§ **EXERCISE GOAL**: Exclude the pictures and set down, unaltered, the lines from the one that holds "SV ชั้นวางของในครัว ชั้นวางเครื่องปรุง" through the end of the data.

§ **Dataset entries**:
=== Begin Enclosure ===

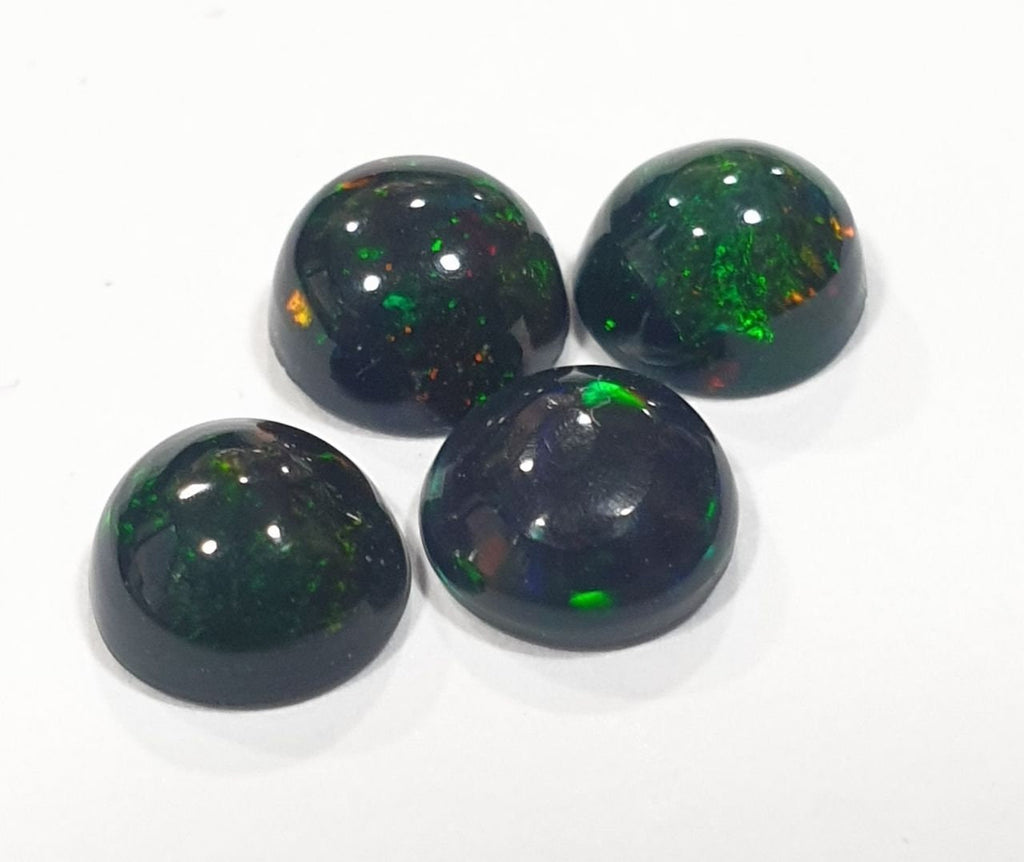 Ethiopian Black Opal Lot Round Cabochon 6mm. (4pcs)  -Gemstone Parcels-Loose Stones Wholesale Price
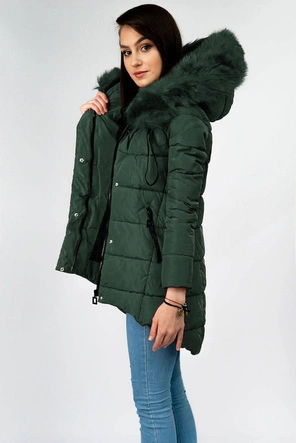 ASYMETRYCZNA DAMSKA KURTKA ZIMOWA BUTELKOWA ZIELEŃ (X7670X)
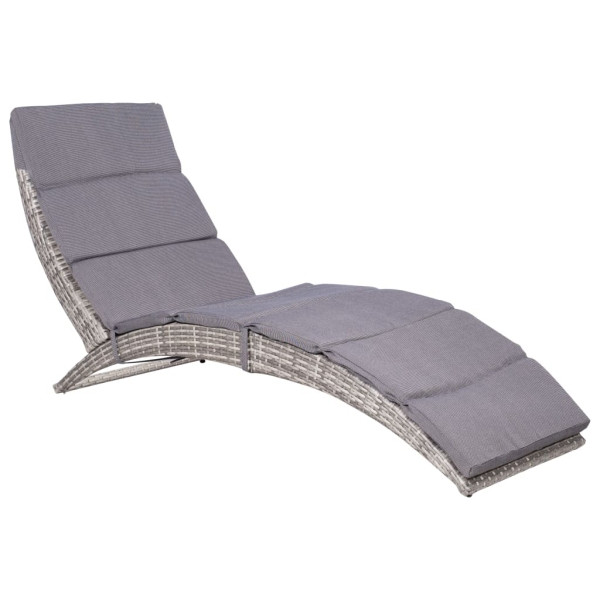 vidaXL Sonnenliege mit Auflage Klappbar Poly Rattan Grau, 44133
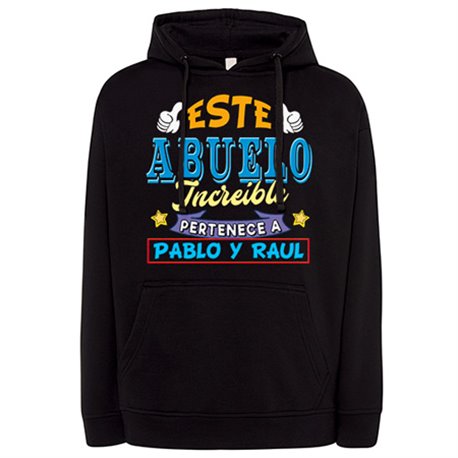Sudadera personalizable con nombre ejemplo Este abuelo increíble pertenece a Pablo y Carlos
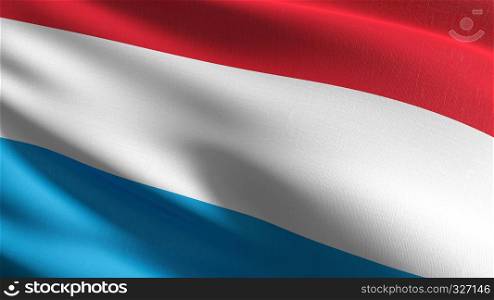 Luxembourg national flag blowing in the wind isolated. Official patriotic abstract design. 3D rendering illustration of waving sign symbol.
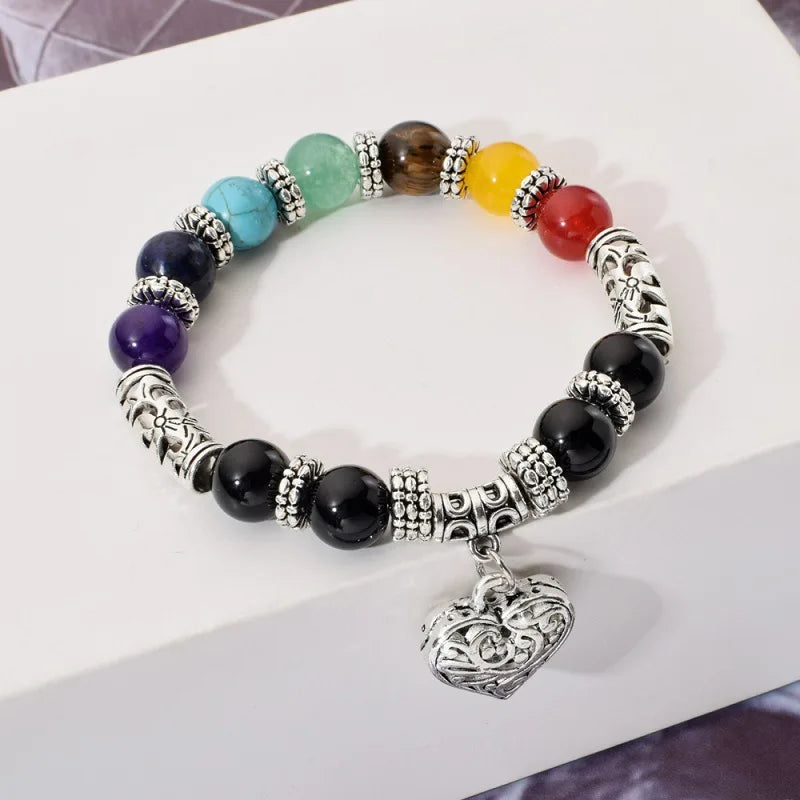 Handmade 10mm Beaded Bracelet for Women Reiki Healing Crystal Heart Pendant Charm Gemstone Bracelet for Anniversary Jewelry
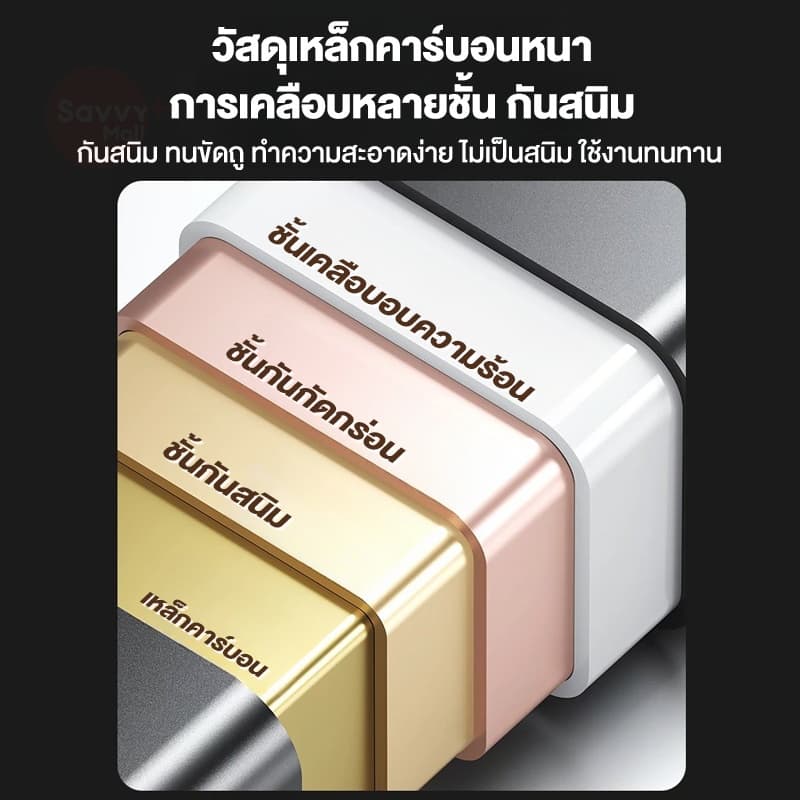 SV ชั้นวางของในครัว ชั้นวางเครื่องปรุง 2/3ชั้น ที่วางเขียงและที่วางมีด สแตนเลสเคลือบสีดำ สำหรับวางของในครัว กันสนิม รูปที่ 9
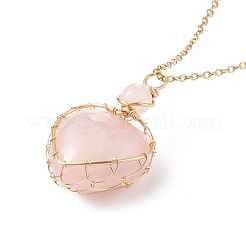 銅線で包まれた天然石のハート ペンダント ネックレス  女性用金メッキ 304 ステンレス ネックレス  17.52インチ（44.5cm）  1.5mm&nbsp;NJEW-JN03971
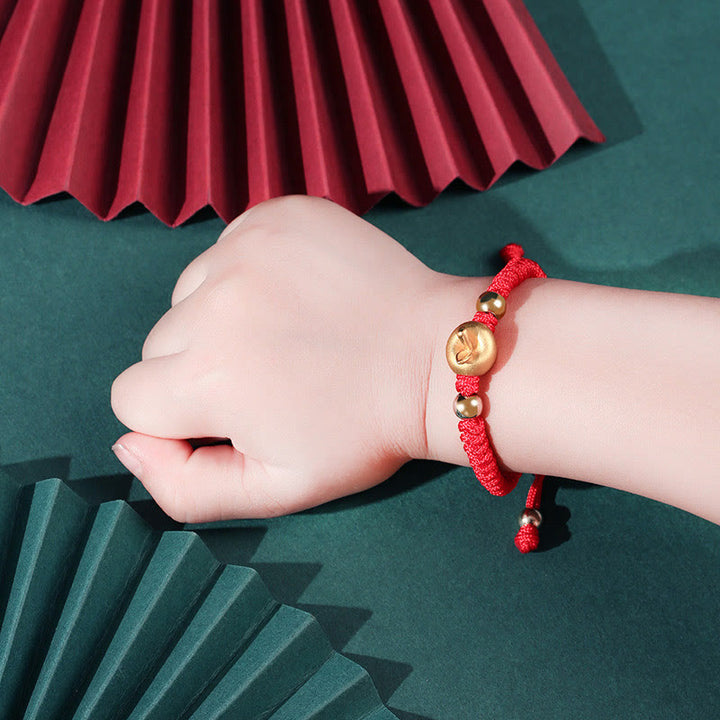 Buddha Stones 999 Sterling Silver Apple Red Multicolored Rope Luck Protection Handcrafted Kids Bracelet - image 5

=== End Enclosure ===

§ **SOLUTION TO THIS PROBLEM**:
 SV ชั้นวางของในครัว ชั้นวางเครื่องปรุง 2/3ชั้น ที่วางเขียงและที่วางมีด สแตนเลสเคลือบสีดำ สำหรับวางของในครัว กันสนิม รูปที่ 9
 銅線で包まれた天然石のハート ペンダント ネックレス  女性用金メッキ 304 ステンレス ネックレス  17.52インチ（44.5cm）  1.5mm&nbsp;NJEW-JN03971
 Buddha Stones 999 Sterling Silver Apple Red Multicolored Rope Luck Protection Handcrafted Kids Bracelet - image 5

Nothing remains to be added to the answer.